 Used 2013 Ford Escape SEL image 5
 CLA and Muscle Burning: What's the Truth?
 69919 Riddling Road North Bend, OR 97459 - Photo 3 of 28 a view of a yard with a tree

◆ **Instructions to follow**:
Set down the material above exactly, in full.

◆ **Task solution**:
 Used 2013 Ford Escape SEL image 5
 CLA and Muscle Burning: What's the Truth?
 69919 Riddling Road North Bend, OR 97459 - Photo 3 of 28 a view of a yard with a tree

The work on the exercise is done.